If you were taking a college course called iPhone 101, your professor
might identify three factors that have made Apple's smartphone a
mega-success.
First, design. A single company, known for its obsession
over details, produces both the hardware and the software. The result
is a single, coherently designed whole.
Second, superior
components. As the world's largest tech company, Apple can call the
shots with its part suppliers. It can often incorporate new technologies
- scratch-resistant Gorilla glass, say, or the supersharp Retina screen
- before its rivals can.
Third, compatibility. The iPhone's
ubiquity has led to a universe of accessories that fit it. Walk into a
hotel room, and there's probably an iPhone connector built into the
alarm clock.
If you had to write a term paper for this course, you
might open with this argument: that in creating the new iPhone 5 ($200
with contract), Apple strengthened its first two advantages - but handed
its rivals the third one on a silver platter.
Let's start with
design. The new phone, in all black or white, is beautiful. Especially
the black one, whose gleaming, black-on-black, glass-and-aluminum body
carries the design cues of a Stealth bomber. The rumors ran rampant that
the iPhone 5 would have a larger screen. Would it be huge, like many
Android phones? Those giant screens are thudding slabs in your pocket,
but they're fantastic for maps, books, Web sites, photos and movies.
As
it turns out, the new iPhone's updated footprint (handprint?) is
nothing like the Imax size of its rivals. It's the same 2.3 inches wide,
but its screen has grown taller by half an inch - 176 very tiny pixels.
It's
a nice but not life-changing change. You gain an extra row of icons on
the Home screen, more messages in e-mail lists, wider keyboard keys in
landscape mode and a more expansive view of all the other built-in apps.
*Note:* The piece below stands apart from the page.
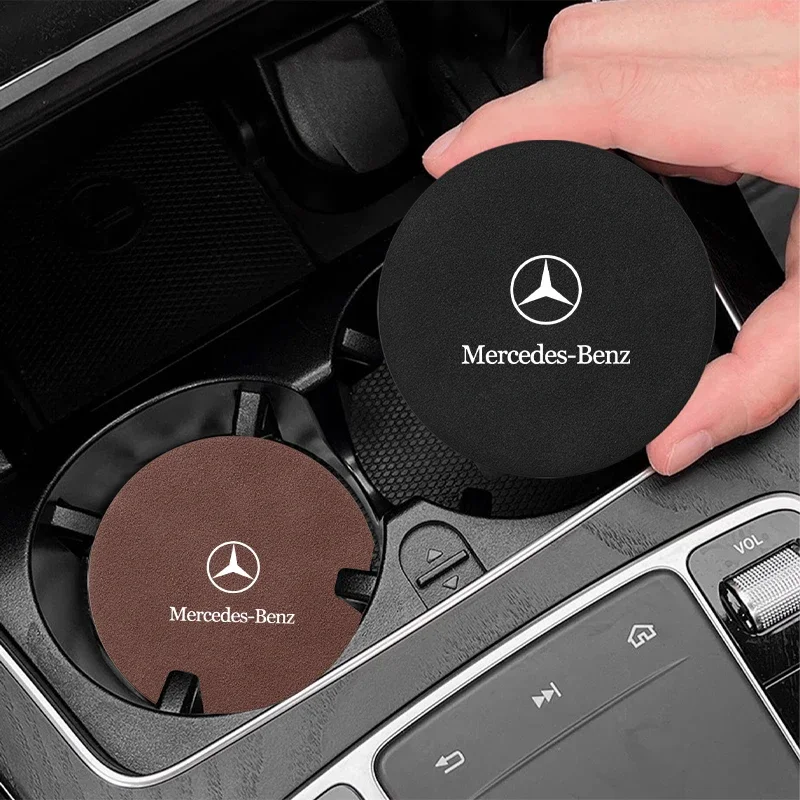 Car Coaster Water Cup Anti-slip Pad Badge Auto Accessories For Mercedes-Benz W213 W212 W220 W221 W222 W108 W126 W140 W176 W177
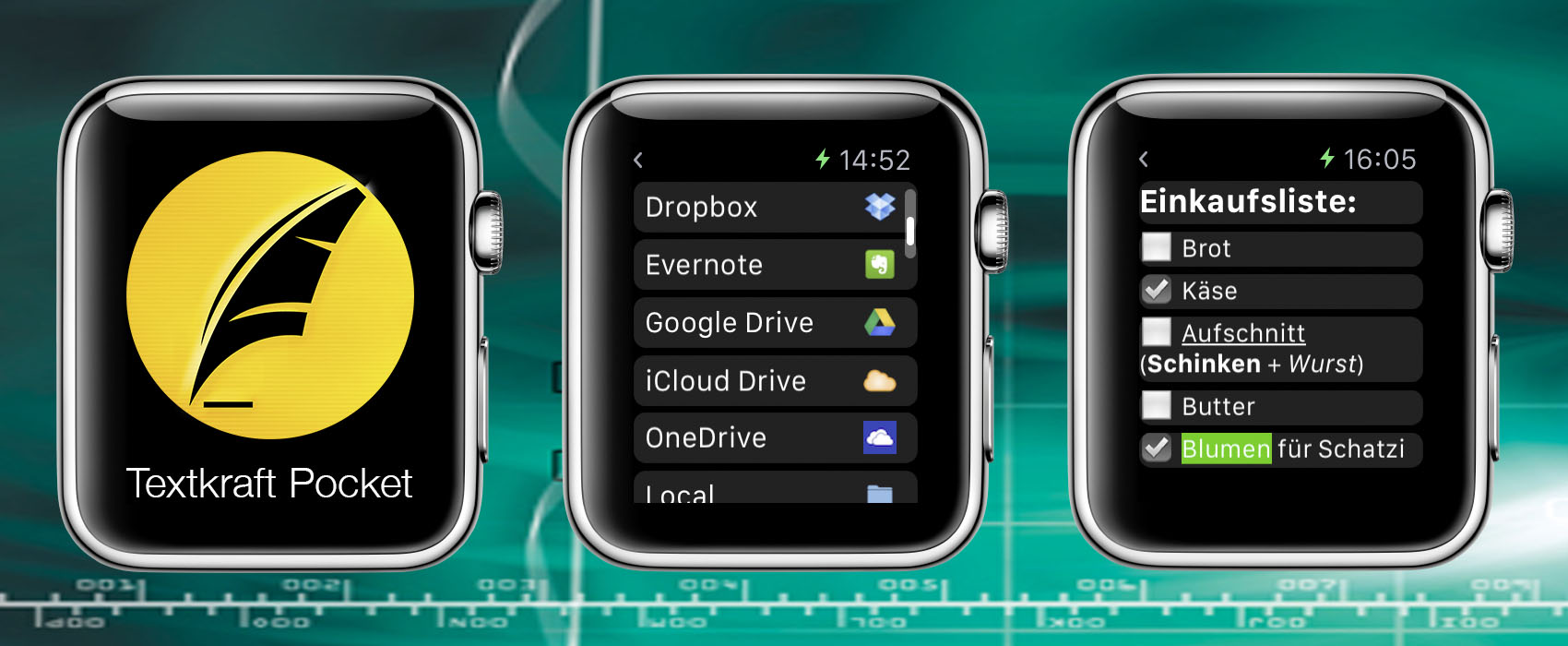 Textkraft Pocket auf der Apple Watch Textkraft Pocket auf der Apple Watch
(Non-Apple apps can be written to exploit the bigger screen. Until
then, they sit in the center of the larger screen, flanked by
unnoticeable slim black bars.)
At 0.3 inch, the phone is thinner
than before, startlingly so - the thinnest in the world, Apple says.
It's also lighter, just under four ounces; it disappears completely in
your pocket. This iPhone is so light, tall and flat, it's well on its
way to becoming a bookmark.
Second advantage: components. There's
no breakthrough feature this time, no Retina screen or Siri. (Thought
recognition will have to wait for the iPhone 13.)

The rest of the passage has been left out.